Well, at least she saved some money hitting up the Missoni clearance bin ;). I just saw that black and white fringe mess on sale at Saks.
Screw the play. The bra’s the thing that stops the swing. My queendom for a bra. Jesus, you can spend 50 bucks on a decent bra.
How the hell is this woman still getting attention? She is disgusting looking and I have seen homeless women who looked cleaner. Everybody is just feeding her bad habits by talking about her all the time. Let her live her life and deal with the consequences on her own.
Actually, I’ve noticed that LL posts no longer generate that many comments. There was a time when a post about her would reach 100+ comments, this post has hardly reached 60. Noone cares anymore. Not even sure this blog bothers anymore, there’s nothing new to tell with this girl.
She must be on the really good shit to find anything coming through those headphones THAT hilarious/groovy.
If I were a plastic surgeon, I’d offer Lindsay a free boob job and as soon as she was under, I would surgically fuse a weapons-grade level strength bra to her chest.
It’s good to see that she’s still keeping up on her DJ skills.
I would love to be a fly on the wall when Oprah sees these pictures.
There are other pictures of her with drinking what looks like whiskey AND looking cracked out, trying to open the driver’s side door of a car.
I think her companion is a gay bff. Not even a hipster is pulling off those trunks.
What happened to her waist? She is completely straight up and down.
She always has been, this is not a new development.
Her boobs!!!! wtf.
She never wears a bra. A girl as busty as her needs to wear one ,if not, down to the knees by 30.
No, one of her biggest problems is that she never wears a bra. Awful.
Watch – that guy with her is RuneBlade from yesterday’s post comment section.
RuneBlade used to post here as RuneRobin, so I’m pretty sure s/he has been around a lot longer than the Mr. Aniston look-alike has been part of the Cracken’s life. 😀
Yay, Rune’s back!

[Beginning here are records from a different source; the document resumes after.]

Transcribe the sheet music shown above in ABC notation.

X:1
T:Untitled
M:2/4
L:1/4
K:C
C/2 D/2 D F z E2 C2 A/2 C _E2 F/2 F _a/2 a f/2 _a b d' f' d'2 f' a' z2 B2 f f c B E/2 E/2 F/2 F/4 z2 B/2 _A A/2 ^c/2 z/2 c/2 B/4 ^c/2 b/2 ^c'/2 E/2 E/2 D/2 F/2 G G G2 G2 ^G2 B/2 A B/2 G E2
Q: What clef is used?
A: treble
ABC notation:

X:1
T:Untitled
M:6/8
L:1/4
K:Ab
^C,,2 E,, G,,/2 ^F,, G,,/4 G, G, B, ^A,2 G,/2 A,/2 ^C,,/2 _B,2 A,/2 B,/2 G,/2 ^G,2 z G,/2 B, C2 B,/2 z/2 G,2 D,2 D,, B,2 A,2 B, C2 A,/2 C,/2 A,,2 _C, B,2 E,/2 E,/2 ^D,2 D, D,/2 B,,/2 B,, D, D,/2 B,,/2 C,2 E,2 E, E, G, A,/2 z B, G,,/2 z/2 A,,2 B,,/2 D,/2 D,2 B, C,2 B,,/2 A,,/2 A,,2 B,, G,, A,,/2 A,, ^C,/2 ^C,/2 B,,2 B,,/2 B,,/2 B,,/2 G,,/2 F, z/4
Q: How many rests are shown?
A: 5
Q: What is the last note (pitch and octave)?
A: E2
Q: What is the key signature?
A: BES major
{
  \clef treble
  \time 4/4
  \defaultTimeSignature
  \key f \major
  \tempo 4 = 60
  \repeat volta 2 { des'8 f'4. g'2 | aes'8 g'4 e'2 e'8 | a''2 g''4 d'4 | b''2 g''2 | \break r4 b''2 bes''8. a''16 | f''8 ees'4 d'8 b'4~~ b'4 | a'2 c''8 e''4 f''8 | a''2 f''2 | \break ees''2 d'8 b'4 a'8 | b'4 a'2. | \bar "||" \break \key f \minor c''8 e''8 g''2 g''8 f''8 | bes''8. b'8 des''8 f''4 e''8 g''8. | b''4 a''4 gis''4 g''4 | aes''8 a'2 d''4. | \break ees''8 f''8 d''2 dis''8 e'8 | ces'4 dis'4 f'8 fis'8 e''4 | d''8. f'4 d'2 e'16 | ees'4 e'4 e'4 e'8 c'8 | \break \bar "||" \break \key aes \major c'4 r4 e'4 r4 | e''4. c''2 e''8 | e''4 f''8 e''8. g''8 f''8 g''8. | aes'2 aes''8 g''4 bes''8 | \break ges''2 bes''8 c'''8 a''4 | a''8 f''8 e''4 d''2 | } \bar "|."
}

Those are always my favorite comments on Lilo posts.
This dude looks like one of the classy Russian friends that she was hanging with on the docuseries. I think these guys are the sons of Russian gangsters and that Daddy buys them Lindsay for a few days at a time. Lindsay gets a party on a yacht, drugs, booze and the boys get to tell their friends back home they f’ed a “movie star”. Everybody wins.
I wish she’d stop with all those stringy bracelets. They just look so stupid and cheap.
Same old, same old stories about her. People should know better than to hire her. If you hire her, it’s your problem. If they stop hiring her, then she’ll get no income, then she’ll have to money to spend on drugs and booze. She’s been given chances over and over again. Move on.